Les petits grains d'amidon absorbent à merveille les saveurs salées ou sucrées, pour un plaisir incomparable.

Que j'aime les pâtes fettuccine entrelacées, un bol de riz basmati fumant ou des tortellini dodus, rien ne surpasse le charme des petits grains gorgés de bouillon parfumé, de crème onctueuse ou de jus de cuisson. Cette satisfaction unique échappe aux rubans, coquilles ou pâtes torsadées, et même au riz à grain long. Imaginez de l'orzo gonflé au bouillon de poulet, du riz arborio dodu au lait sucré, ou du mograbia, ce couscous géant imprégné d'une sauce épicée et tachetée.

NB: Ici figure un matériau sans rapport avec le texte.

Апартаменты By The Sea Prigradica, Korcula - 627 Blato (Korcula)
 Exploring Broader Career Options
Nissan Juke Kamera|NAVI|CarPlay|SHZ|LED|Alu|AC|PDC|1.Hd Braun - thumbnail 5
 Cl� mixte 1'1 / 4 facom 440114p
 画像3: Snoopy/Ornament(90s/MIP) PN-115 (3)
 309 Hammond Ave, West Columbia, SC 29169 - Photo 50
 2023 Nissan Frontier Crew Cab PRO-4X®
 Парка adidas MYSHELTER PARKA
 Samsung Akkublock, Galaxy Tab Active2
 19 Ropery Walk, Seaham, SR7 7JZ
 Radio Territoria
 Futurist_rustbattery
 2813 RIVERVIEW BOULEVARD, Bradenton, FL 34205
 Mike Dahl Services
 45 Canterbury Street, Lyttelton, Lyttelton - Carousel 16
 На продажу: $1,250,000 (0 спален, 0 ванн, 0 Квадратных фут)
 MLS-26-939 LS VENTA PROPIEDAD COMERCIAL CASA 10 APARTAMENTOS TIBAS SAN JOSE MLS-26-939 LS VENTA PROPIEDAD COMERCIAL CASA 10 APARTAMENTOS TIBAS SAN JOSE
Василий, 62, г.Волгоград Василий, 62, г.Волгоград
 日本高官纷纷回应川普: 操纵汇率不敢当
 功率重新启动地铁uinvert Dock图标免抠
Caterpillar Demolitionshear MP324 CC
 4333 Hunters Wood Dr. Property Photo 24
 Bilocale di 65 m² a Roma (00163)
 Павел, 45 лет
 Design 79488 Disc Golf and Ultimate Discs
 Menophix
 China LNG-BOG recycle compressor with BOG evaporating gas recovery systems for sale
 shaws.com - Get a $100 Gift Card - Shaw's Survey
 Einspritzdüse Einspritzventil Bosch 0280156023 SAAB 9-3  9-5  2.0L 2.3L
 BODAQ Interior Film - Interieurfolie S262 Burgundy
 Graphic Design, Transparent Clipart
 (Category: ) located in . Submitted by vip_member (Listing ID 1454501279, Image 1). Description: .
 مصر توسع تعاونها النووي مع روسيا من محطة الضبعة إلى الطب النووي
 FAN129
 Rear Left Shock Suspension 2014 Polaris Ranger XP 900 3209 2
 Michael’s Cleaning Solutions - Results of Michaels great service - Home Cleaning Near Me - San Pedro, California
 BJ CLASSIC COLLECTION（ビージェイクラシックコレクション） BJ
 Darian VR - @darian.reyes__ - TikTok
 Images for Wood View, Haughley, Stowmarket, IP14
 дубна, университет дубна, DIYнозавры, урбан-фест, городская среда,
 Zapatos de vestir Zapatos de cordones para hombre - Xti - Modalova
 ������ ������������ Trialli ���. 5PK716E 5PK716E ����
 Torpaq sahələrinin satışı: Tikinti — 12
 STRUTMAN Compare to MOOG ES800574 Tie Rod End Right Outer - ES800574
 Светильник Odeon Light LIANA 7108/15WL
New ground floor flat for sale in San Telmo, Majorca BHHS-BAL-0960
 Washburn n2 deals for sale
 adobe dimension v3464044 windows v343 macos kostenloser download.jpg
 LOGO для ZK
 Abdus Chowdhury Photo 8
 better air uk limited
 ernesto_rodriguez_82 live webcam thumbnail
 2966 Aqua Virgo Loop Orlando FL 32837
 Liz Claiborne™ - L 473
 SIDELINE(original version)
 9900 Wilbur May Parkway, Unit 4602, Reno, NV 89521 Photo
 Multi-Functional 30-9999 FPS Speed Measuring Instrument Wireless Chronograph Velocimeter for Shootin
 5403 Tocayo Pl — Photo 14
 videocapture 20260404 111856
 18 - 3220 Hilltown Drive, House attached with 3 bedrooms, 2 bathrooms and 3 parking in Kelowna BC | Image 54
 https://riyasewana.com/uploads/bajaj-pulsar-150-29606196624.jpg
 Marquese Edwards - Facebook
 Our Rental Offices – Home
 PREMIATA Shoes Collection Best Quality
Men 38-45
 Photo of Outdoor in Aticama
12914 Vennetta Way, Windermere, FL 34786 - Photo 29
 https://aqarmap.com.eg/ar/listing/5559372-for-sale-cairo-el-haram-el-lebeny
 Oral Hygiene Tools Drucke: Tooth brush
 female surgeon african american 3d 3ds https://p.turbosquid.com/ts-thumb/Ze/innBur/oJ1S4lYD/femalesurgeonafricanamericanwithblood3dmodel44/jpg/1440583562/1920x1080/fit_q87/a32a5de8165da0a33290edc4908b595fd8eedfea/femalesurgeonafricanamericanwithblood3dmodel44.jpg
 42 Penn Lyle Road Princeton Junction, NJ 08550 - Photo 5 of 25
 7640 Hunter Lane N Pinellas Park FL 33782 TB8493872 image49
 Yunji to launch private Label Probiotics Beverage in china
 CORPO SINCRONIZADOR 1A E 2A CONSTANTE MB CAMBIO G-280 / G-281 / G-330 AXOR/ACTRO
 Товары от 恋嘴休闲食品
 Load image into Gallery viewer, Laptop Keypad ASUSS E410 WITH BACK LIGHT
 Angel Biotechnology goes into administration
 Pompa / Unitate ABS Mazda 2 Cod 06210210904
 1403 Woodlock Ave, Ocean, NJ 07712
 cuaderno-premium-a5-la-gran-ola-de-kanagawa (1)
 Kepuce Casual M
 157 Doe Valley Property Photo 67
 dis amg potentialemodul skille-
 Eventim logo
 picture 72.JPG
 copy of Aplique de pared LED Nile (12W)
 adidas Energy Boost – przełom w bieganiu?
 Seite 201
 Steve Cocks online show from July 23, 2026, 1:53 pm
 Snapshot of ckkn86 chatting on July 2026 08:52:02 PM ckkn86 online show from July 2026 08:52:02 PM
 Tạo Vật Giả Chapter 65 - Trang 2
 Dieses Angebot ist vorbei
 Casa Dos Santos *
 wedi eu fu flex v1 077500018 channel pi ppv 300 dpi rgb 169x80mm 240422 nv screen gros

Il y a quelque chose de si agréable dans les petits grains d'amidon qui ont absorbé un délicieux liquide.
Dans ma cuisine, l'orzo règne en maître. Idéal pour les soupes claires – il reste en place dans la cuillère –, il ne ramollit pas comme les formats plus épais. Chut... je le préfère même au carnaroli ou à l'arborio pour un risotto, que j'appelle "orzotto". Ces petites pâtes doublent de volume avec la sauce, mais brillent surtout repulpées de graisse de pancetta frite ou, mieux encore, de guanciale, plus aromatique. Juteux et soyeux, irrésistible.
Le riz au lait est le pudding le plus réconfortant. Ses grains ronds gonflent comme le basmati ne le peut jamais, sous une peau dorée et gonflée. Nounou à souhait, il gagne d'une touche : confiture de cassis, sirop ou miel. Personnellement, j'opte pour l'acidité vive du fruit de la passion safrané, piqué de zeste d'orange. Je préfère un riz laiteux fondant, qui ne tient pas en cuillère. À chacun son goût.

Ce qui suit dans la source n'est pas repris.